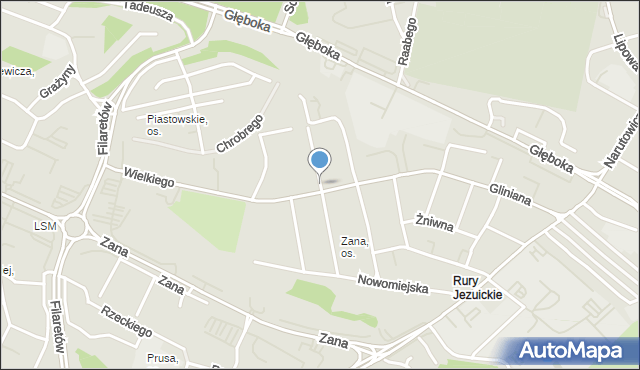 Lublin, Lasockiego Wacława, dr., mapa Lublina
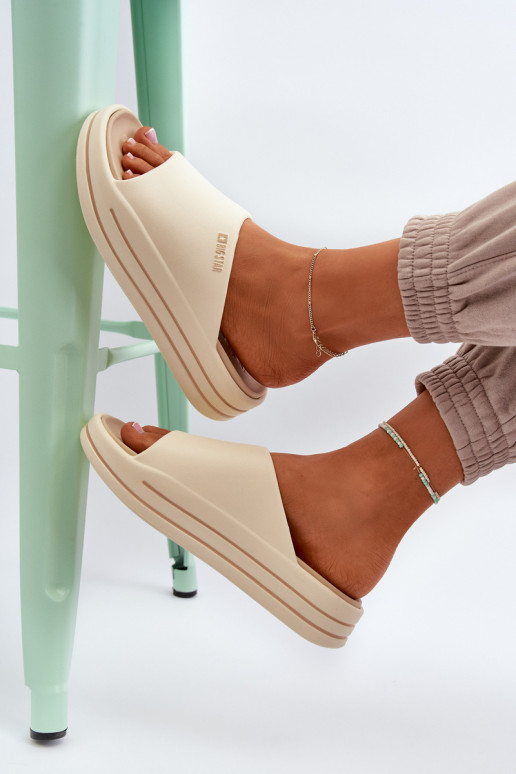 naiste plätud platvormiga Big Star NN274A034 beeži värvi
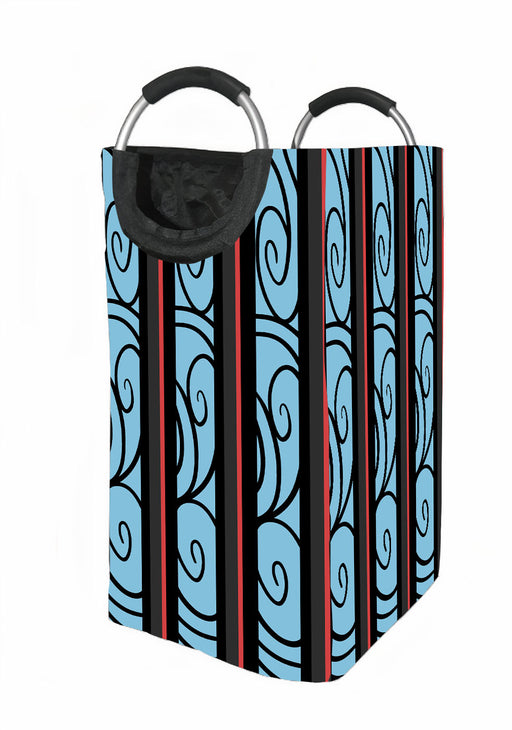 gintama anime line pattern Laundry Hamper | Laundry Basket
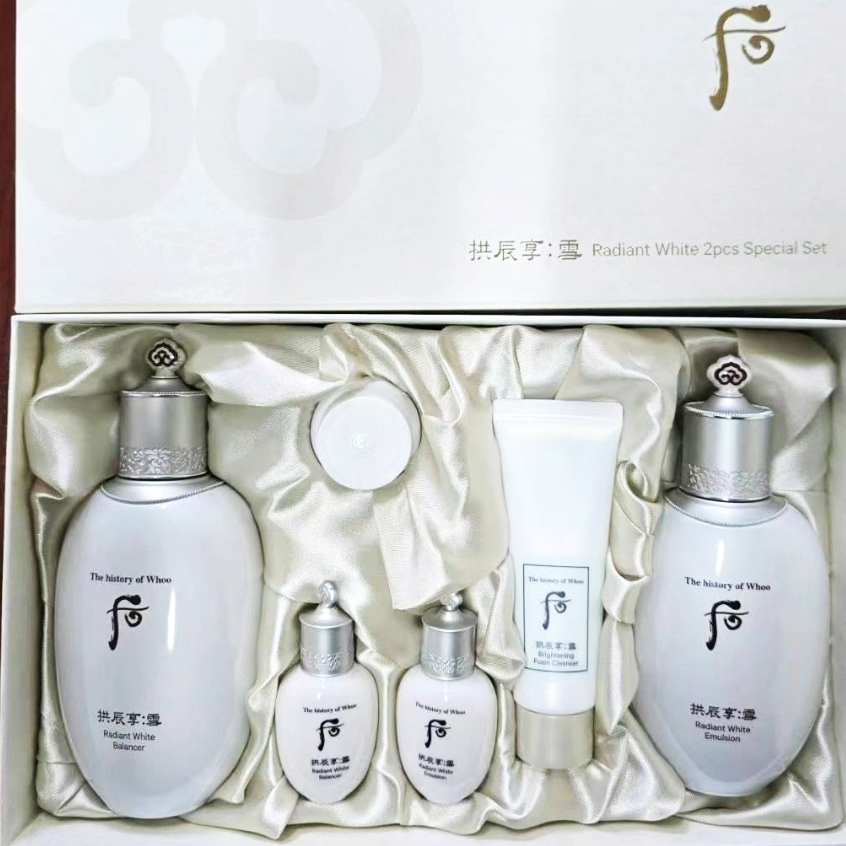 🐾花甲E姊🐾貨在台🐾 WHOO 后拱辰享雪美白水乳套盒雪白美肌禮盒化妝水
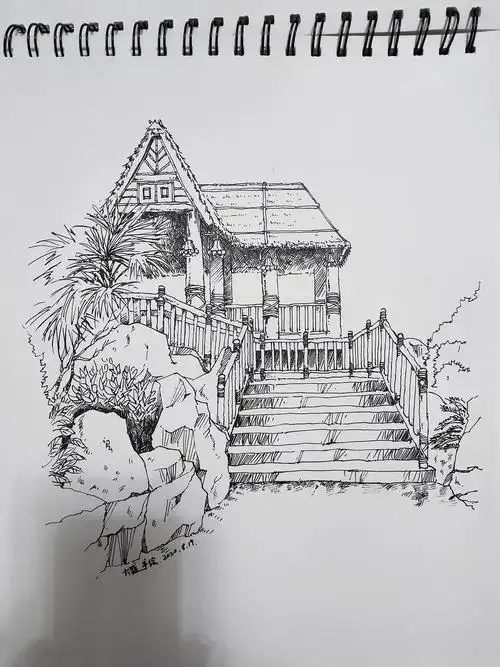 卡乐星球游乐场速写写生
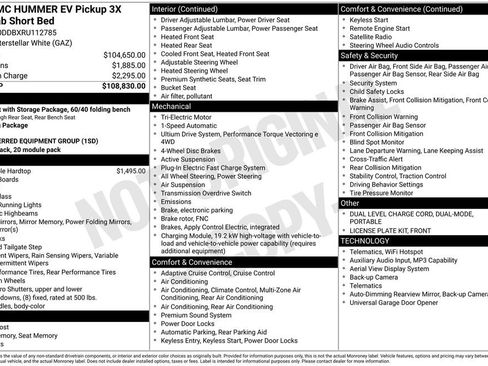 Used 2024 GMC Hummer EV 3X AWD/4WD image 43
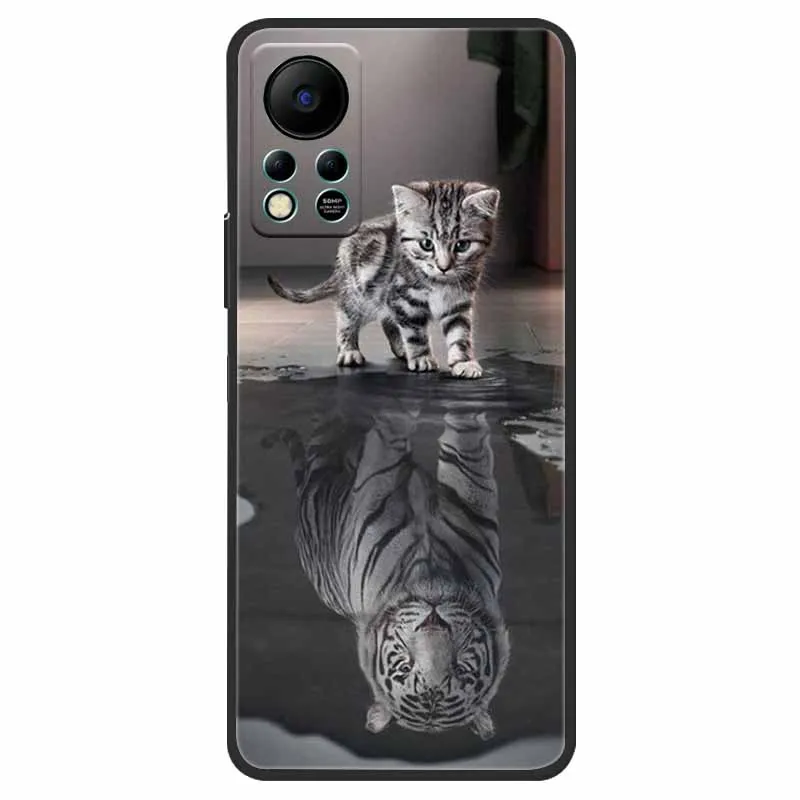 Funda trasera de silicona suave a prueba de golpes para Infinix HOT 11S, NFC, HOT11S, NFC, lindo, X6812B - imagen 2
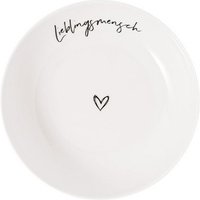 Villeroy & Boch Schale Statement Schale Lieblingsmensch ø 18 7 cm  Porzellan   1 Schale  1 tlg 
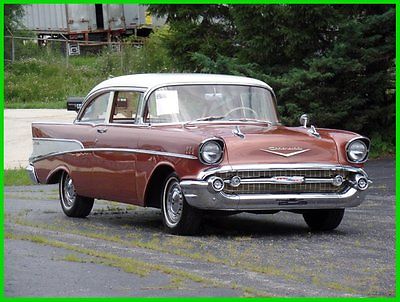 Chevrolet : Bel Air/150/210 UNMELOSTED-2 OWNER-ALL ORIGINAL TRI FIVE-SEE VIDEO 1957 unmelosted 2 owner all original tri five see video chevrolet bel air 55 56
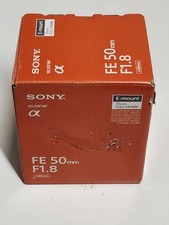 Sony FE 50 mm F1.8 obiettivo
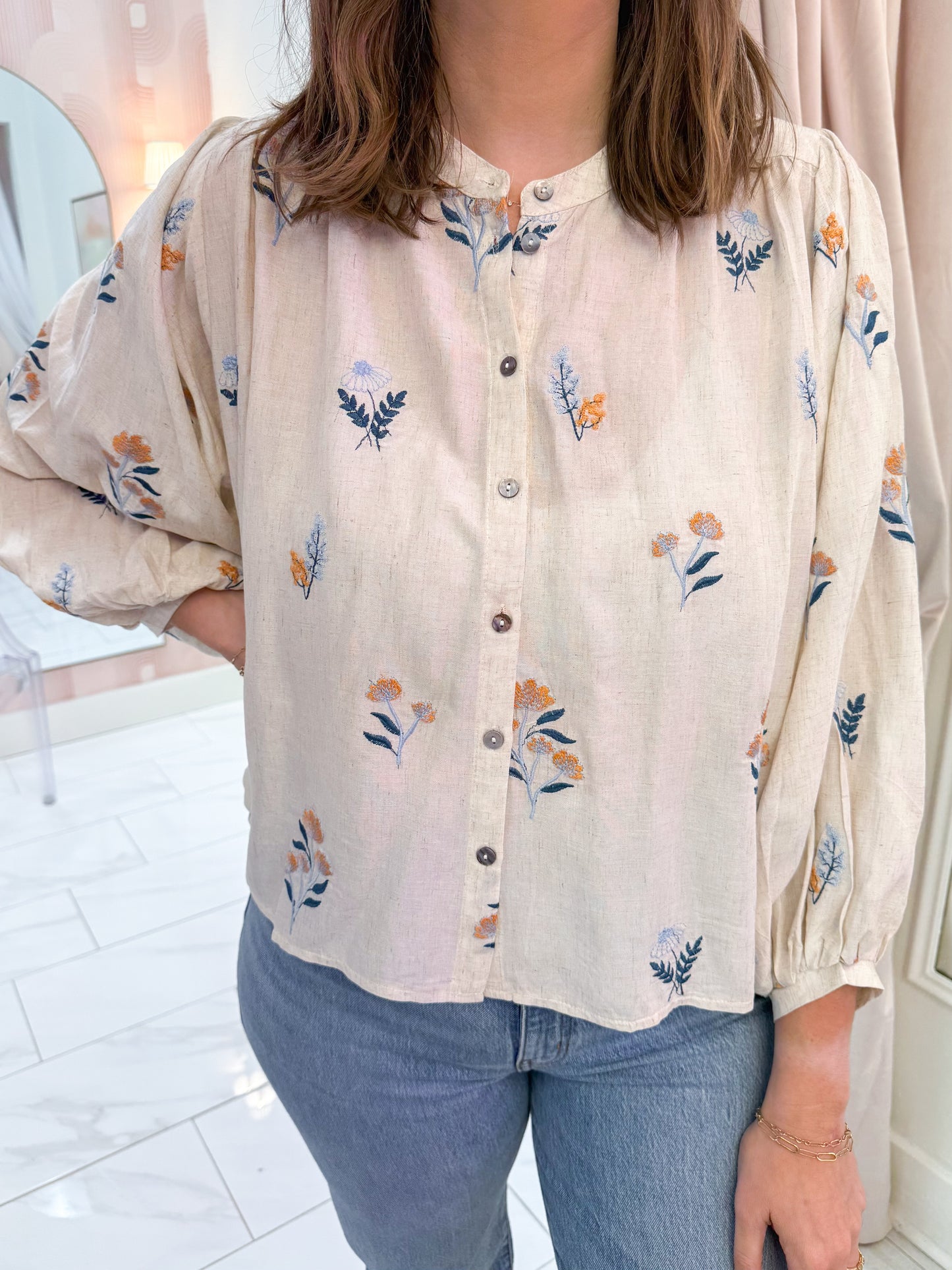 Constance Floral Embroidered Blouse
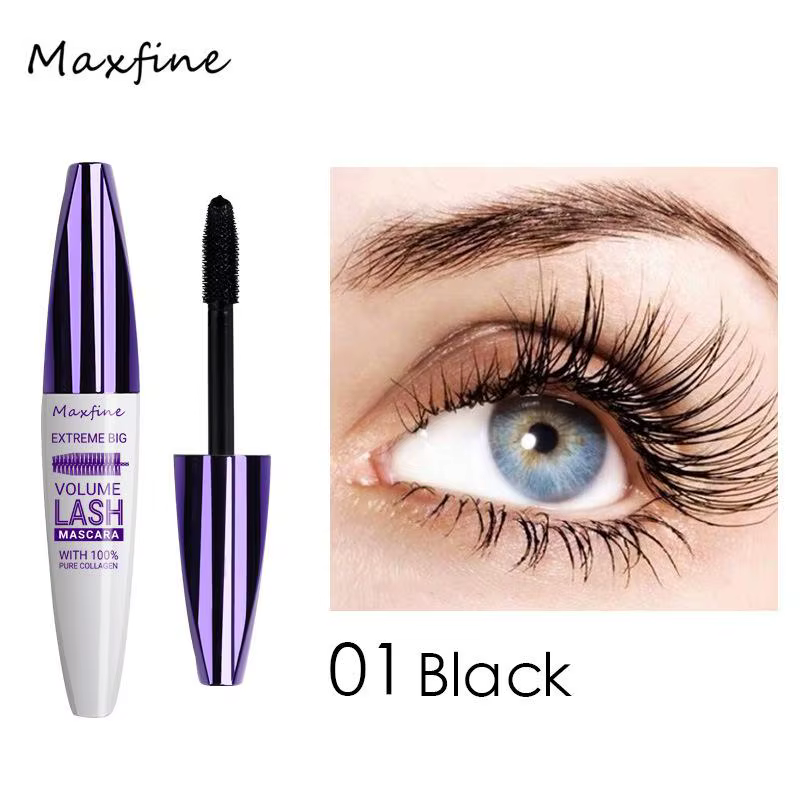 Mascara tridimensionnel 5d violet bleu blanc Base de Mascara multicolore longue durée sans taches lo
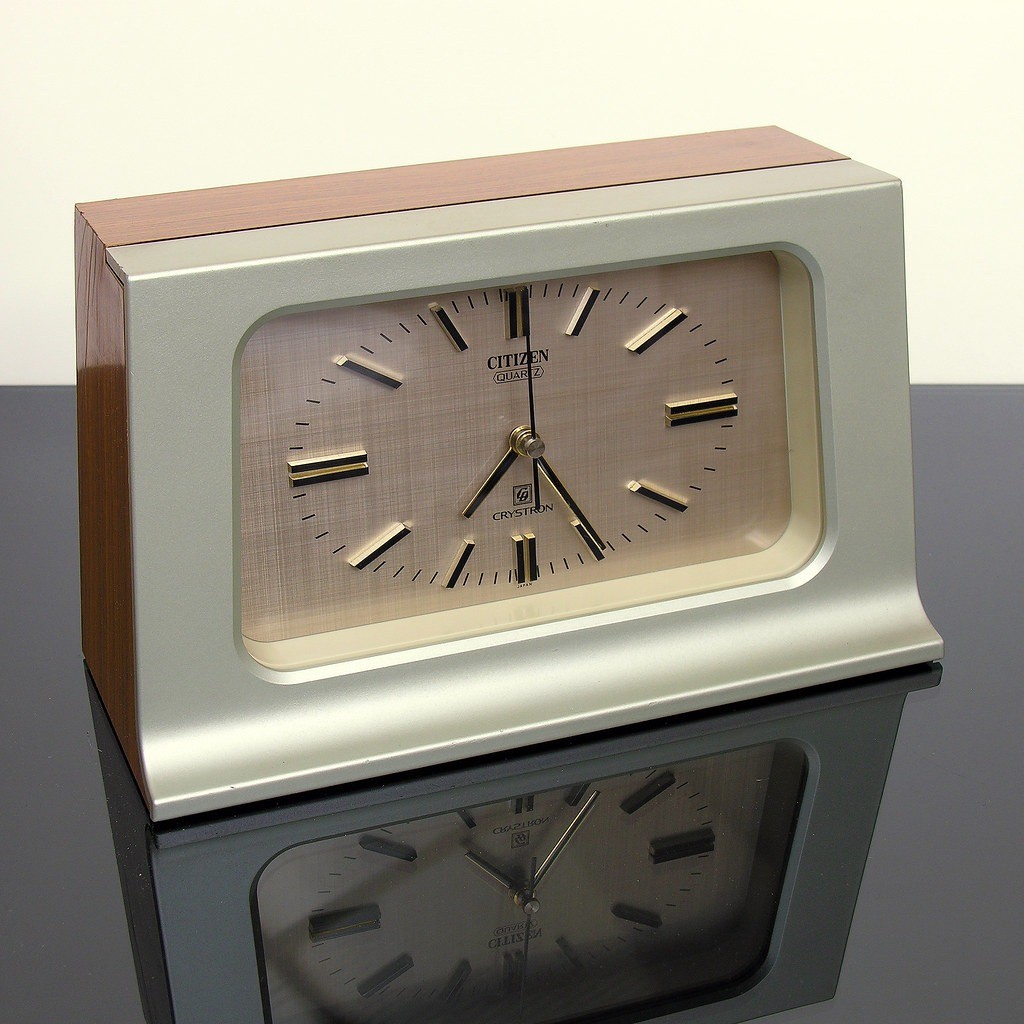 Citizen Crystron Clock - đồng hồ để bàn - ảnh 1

**Goal of the exercise:**
Return every entry above word for word, and include no images.

**Response:**
 Lublin, Lasockiego Wacława, dr., mapa Lublina
 naiste plätud platvormiga Big Star NN274A034 beeži värvi
 gintama anime line pattern Laundry Hamper | Laundry Basket
 🐾花甲E姊🐾貨在台🐾 WHOO 后拱辰享雪美白水乳套盒雪白美肌禮盒化妝水
 卡乐星球游乐场速写写生
 Used 2024 GMC Hummer EV 3X AWD/4WD image 43
 Funda trasera de silicona suave a prueba de golpes para Infinix HOT 11S, NFC, HOT11S, NFC, lindo, X6812B - imagen 2
 Villeroy & Boch Schale Statement Schale Lieblingsmensch ø 18 7 cm  Porzellan   1 Schale  1 tlg 
 Chevrolet : Bel Air/150/210 UNMELOSTED-2 OWNER-ALL ORIGINAL TRI FIVE-SEE VIDEO 1957 unmelosted 2 owner all original tri five see video chevrolet bel air 55 56
 Sony FE 50 mm F1.8 obiettivo
 Constance Floral Embroidered Blouse
 Mascara tridimensionnel 5d violet bleu blanc Base de Mascara multicolore longue durée sans taches lo
 Citizen Crystron Clock - đồng hồ để bàn - ảnh 1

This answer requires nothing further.